PROBLEM REQUIREMENTS: Please repeat the records below exactly, but only from the line that contains "30 assorted Dreadlock" onward, ending with the last line.

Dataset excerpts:
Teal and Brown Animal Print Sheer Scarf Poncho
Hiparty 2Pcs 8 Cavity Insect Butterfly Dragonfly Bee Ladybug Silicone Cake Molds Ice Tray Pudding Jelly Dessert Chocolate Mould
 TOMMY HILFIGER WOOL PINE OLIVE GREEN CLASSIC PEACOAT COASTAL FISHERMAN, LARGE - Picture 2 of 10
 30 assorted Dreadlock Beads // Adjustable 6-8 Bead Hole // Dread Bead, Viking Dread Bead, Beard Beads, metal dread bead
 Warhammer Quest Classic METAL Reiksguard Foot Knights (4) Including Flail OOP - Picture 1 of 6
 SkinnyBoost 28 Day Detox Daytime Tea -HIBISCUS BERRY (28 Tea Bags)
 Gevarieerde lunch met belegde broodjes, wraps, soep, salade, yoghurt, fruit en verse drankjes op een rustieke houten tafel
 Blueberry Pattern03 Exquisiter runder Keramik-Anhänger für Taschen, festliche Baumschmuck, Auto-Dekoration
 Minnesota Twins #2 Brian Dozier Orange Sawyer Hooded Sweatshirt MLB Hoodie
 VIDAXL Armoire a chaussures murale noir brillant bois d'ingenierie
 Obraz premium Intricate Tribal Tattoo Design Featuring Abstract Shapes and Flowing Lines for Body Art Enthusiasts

ANSWER TO THIS TASK:
 30 assorted Dreadlock Beads // Adjustable 6-8 Bead Hole // Dread Bead, Viking Dread Bead, Beard Beads, metal dread bead
 Warhammer Quest Classic METAL Reiksguard Foot Knights (4) Including Flail OOP - Picture 1 of 6
 SkinnyBoost 28 Day Detox Daytime Tea -HIBISCUS BERRY (28 Tea Bags)
 Gevarieerde lunch met belegde broodjes, wraps, soep, salade, yoghurt, fruit en verse drankjes op een rustieke houten tafel
 Blueberry Pattern03 Exquisiter runder Keramik-Anhänger für Taschen, festliche Baumschmuck, Auto-Dekoration
 Minnesota Twins #2 Brian Dozier Orange Sawyer Hooded Sweatshirt MLB Hoodie
 VIDAXL Armoire a chaussures murale noir brillant bois d'ingenierie
 Obraz premium Intricate Tribal Tattoo Design Featuring Abstract Shapes and Flowing Lines for Body Art Enthusiasts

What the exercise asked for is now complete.